Теперь Лиззи была почти уверена в неведении подруги.
– Если что-то нужно, мы смотрим Си-эн-эн. И еще есть “Скай ньюс”.
Рианон лениво наблюдала, как самолетик заходит на посадку.
– Должна признаться, – произнесла она, – я скучаю по большому миру, но до чего же тошно от мысли, что через несколько дней пора домой…
– А что ты будешь делать, когда вернешься? – осведомилась Лиззи.
– Наверное, продолжать то, чем занималась. Конечно, придется нелегко, потому что меня страшно тянет позвонить Максу, и, если честно, не знаю, как долго смогу продержаться. Я понимаю, не следует ему звонить, но не могу заставить себя смириться с тем, что все кончилось. – Ей пришлось на мгновение отвернуться, чтобы скрыть подступившие слезы. – Со временем делается только тяжелее, – заключила она почти шепотом.
Лиззи щурилась на солнце, лихорадочно раздумывая, как сообщить новость, которая наверняка потрясет подругу. Она только сейчас поняла, насколько Рианон близка к срыву. Говорить с ней нужно максимально деликатно.
– А тебе никогда не казалось, – нерешительно начала Лиззи, – что кое-что из того, что пишут про Макса… Ну, в общем, какое-то зерно истины в этом есть? По крайней мере то, что ты мне рассказывала, звучит очень серьезно.
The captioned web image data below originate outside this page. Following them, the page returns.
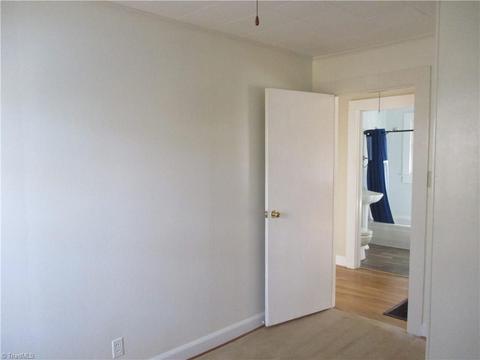 910 Grant St, High Point, NC 27262 photo 11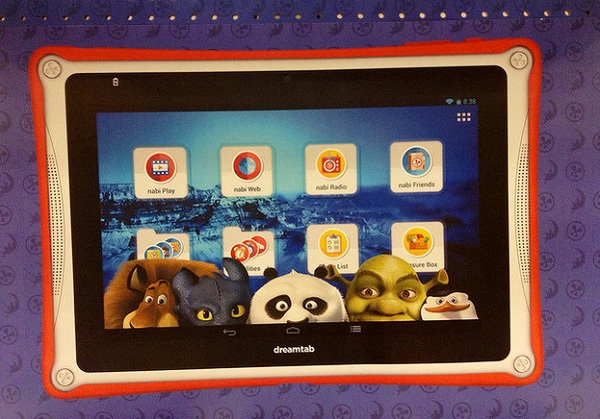 企鵝賣不贏愛(ài)力獅，夢(mèng)工廠出售總部籌資金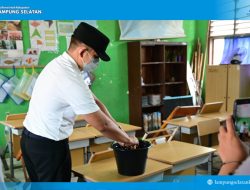 Sebelum Siswa Kembali ke Sekolah, Egi Pastikan Ruang Kelas Aman dari Abu Vulkanik
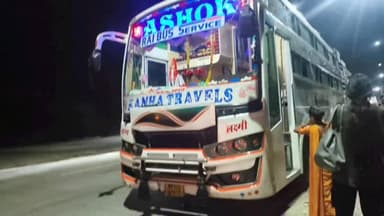 NH-52 पर बस में पीछे से घुसा ट्रक, दो लोग घायल, 112 से पहुंचाया जिला अस्पताल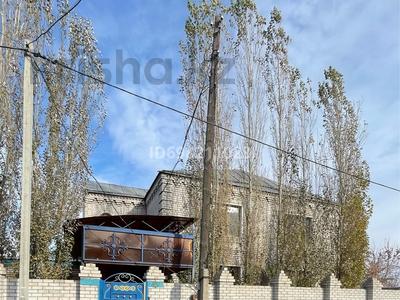 Отдельный дом · 9 комнат · 400 м² · 10 сот., Социалистическая 43 — Район тысячи мелочей, силикатный коттедж находиться сзади мечети Тыныбай за 200 млн 〒 в Семее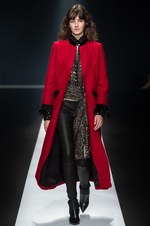 タエ アシダ 2018年秋冬コレクション - ただドレッシーなだけではない、独創的な女性像｜写真1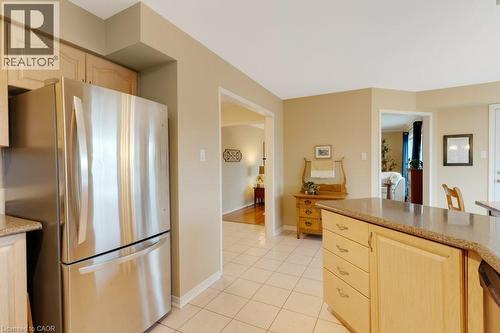32 Kingfisher Crescent, Cambridge, ON - Indoor Photo Showing Kitchen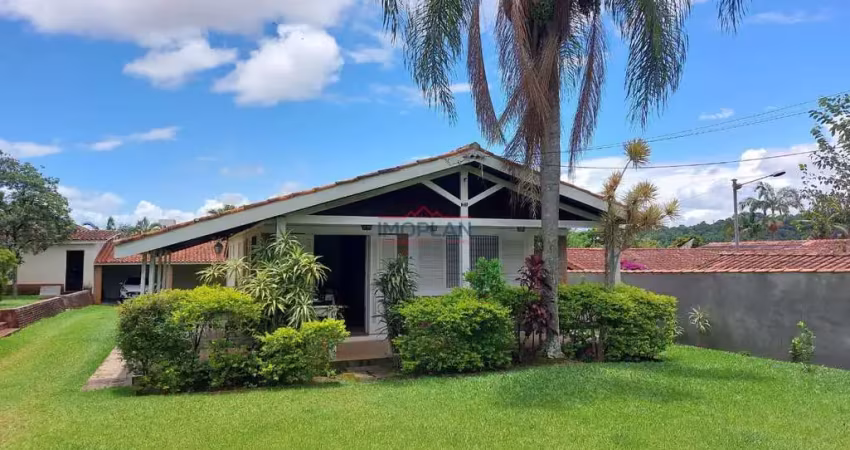 Casa totalmente térrea próximo a Al. Lucas Nogueira Garcez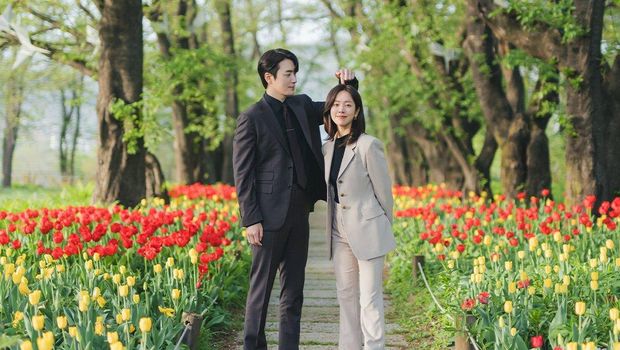 Han Ji Min dan Lee Joon Hyuk untuk Love Scout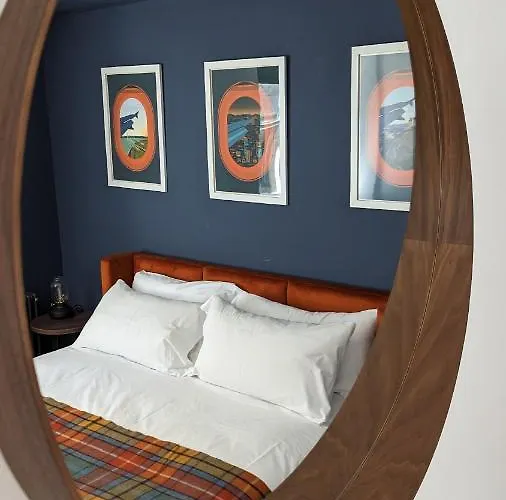 89 The Merchants- Chic By The House Of Danu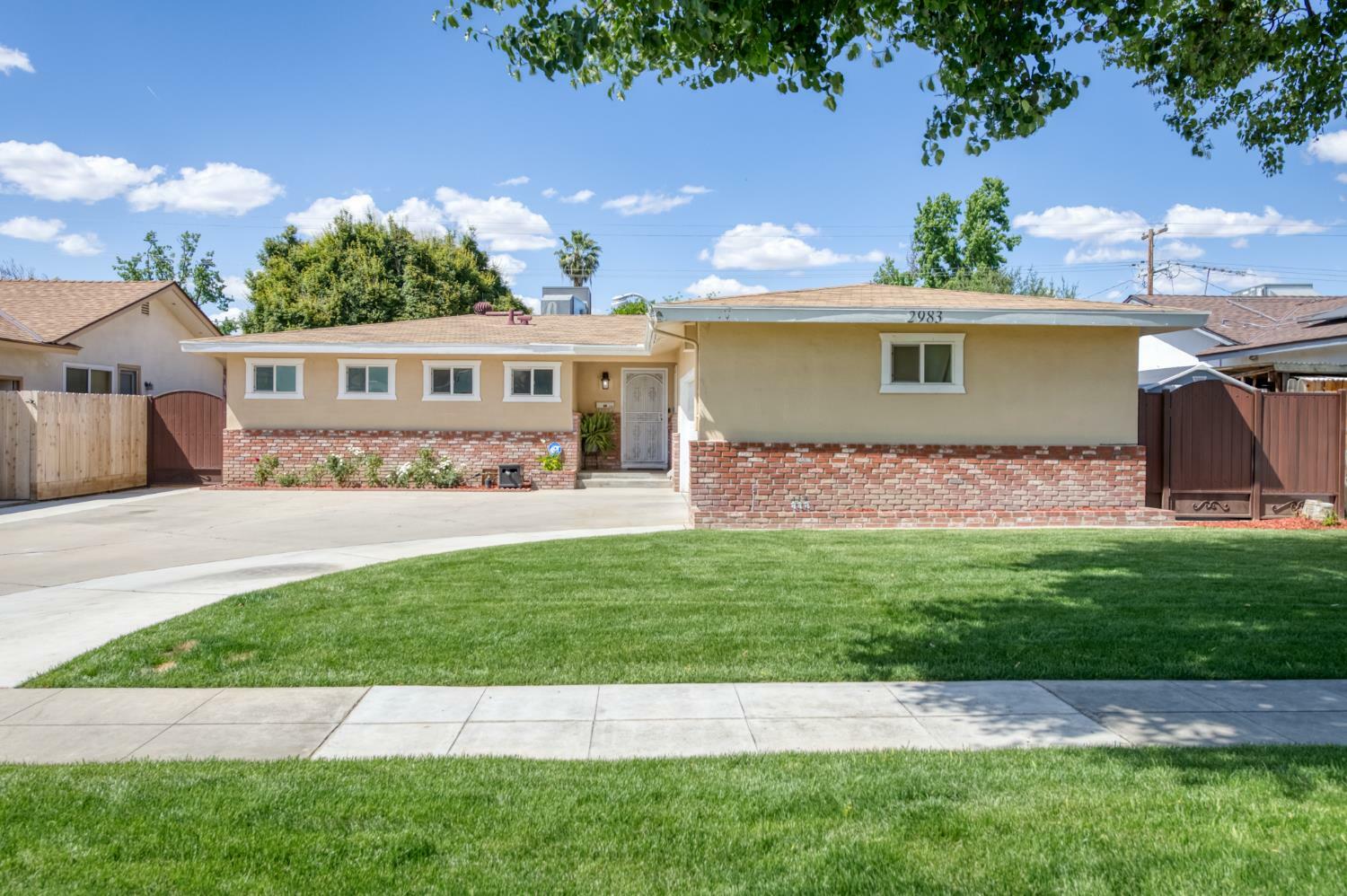 2983 E Northdale Avenue  Fresno CA 93726 photo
Я понимаю, Сюзан Травнер и ей подобные насочиняли о нем кучу гадостей, но вряд ли эти писаки всё высосали из пальца.
Рианон холодно глянула на Лиззи и отчеканила:
– Я им не верю! А ты? Ты считаешь, что Макс монстр и извращенец, что он убил первую жену и измывается над второй? Ты это имела в виду?
Лиззи вздохнула:
– Нет, я не это хотела сказать. Я просто предложила… Рианон перебила ее:
– Оставим эту тему, пока мы обе не наговорили лишнего.